Ricardo Fort, el príncipe ordinario

Se acepta que un millonario recalque todo el tiempo que tiene dinero y que lo gasta sin medir. Pero sería hora de que el público se negara a aceptar ciertas escenas de su vida (y su séquito) que atentan contra el buen gusto.
Hace mucho tiempo que la televisión dejó de ser un medio que educa para pasar a ser sólo un soporte que a veces informa y a veces entretiene, pero ahora es tiempo de poner un freno a ciertas situaciones que rozan lo repudiable. En la jornada de ayer pudo verse a un Ricardo Fort que, en el marco de su propio programa ("Fort Show"), se mostró borracho y a punto de vomitar ante las cámaras.

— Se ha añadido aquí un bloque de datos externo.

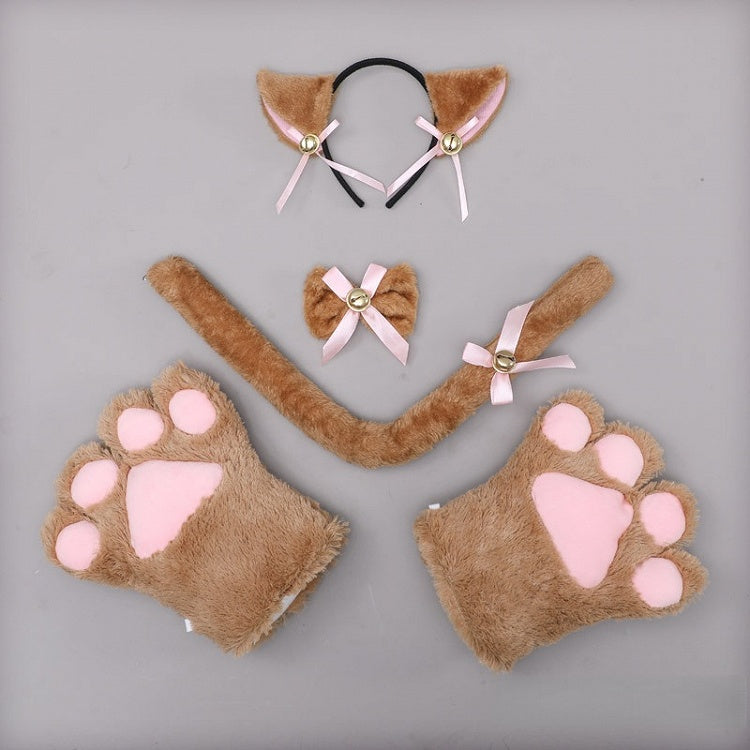 Lolita Tie Paw - of Kitten Tail Set + Bow A Pair Gloves Camel Cute KC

El marco situacional de esta escena patética fue la fiesta que brindó en su mansión para los "artistas" de Mar del Plata. Claro que antes de arribar a este estado, pudo vérselo saludando a los "fans" que se habían agolpado en la puerta de su vivienda transitoria, recibiendo a los invitados y presentando el backstage.

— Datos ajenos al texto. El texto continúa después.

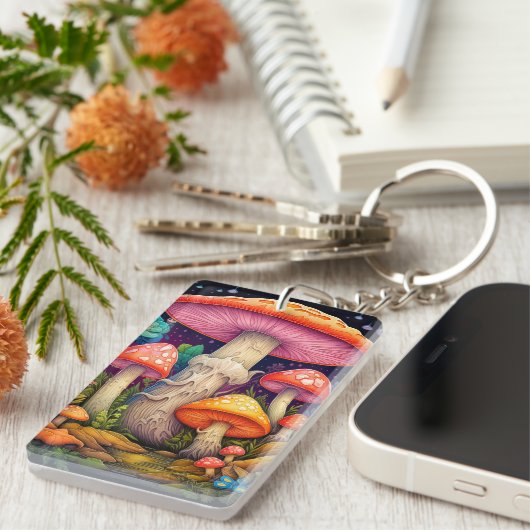 野生芸術的キノコ林イラストレーション キーホルダー (正面右)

Pero luego, con varias dosis de alcohol en su cuerpo, su cara, su voz y su actitud fueron mutando y eso también fue mostrado en cámara. Sentado en su sillón, con varias mujeres a su lado, Fort agarraba un vaso, hacía fondo blanco, lo tiraba, tomaba otro y luego emprendía algunas arcadas.

Para colmo tenía a su lado a la "pendevieja" Graciela Alfano que, a pedido del millonario, le dio un apasionado "beso de lengua" a un seudo famoso, algo conocido por un affaire con Celina Rucci.
La cámara entonces se encargó de abandonar la borrachera de Fort para concentrarse en la lengua de la Alfano. De fondo el chocolatero gritaba y todo esto salió al aire.

Más tarde se lo escuchó dar testimonio sobre esta situación y sin reparos admitió: "estoy re en pedo". Luego todos terminaron sumergidos en la pileta; las mujeres con sus elegantes vestidos y Fort y "sus gatos" en calzoncillos.

La única que volvió a dar la nota fue Graciela, que ingresó en la piscina en ropa interior y, acorralada por su conquista del día, continuó besándose apasionadamente. Una escena por demás desagradable, fuera de lugar, innecesaria. Luego el programa mostró otros contenidos (Fort y su estreno teatral, Fort y Carmen Barbieri) pero lo hecho, hecho estaba.

Ahora bien: el público está lejos de ser un ejemplar de "Carmelitas Descalzas", pero un poco de respeto y buen gusto no vendrían nada mal.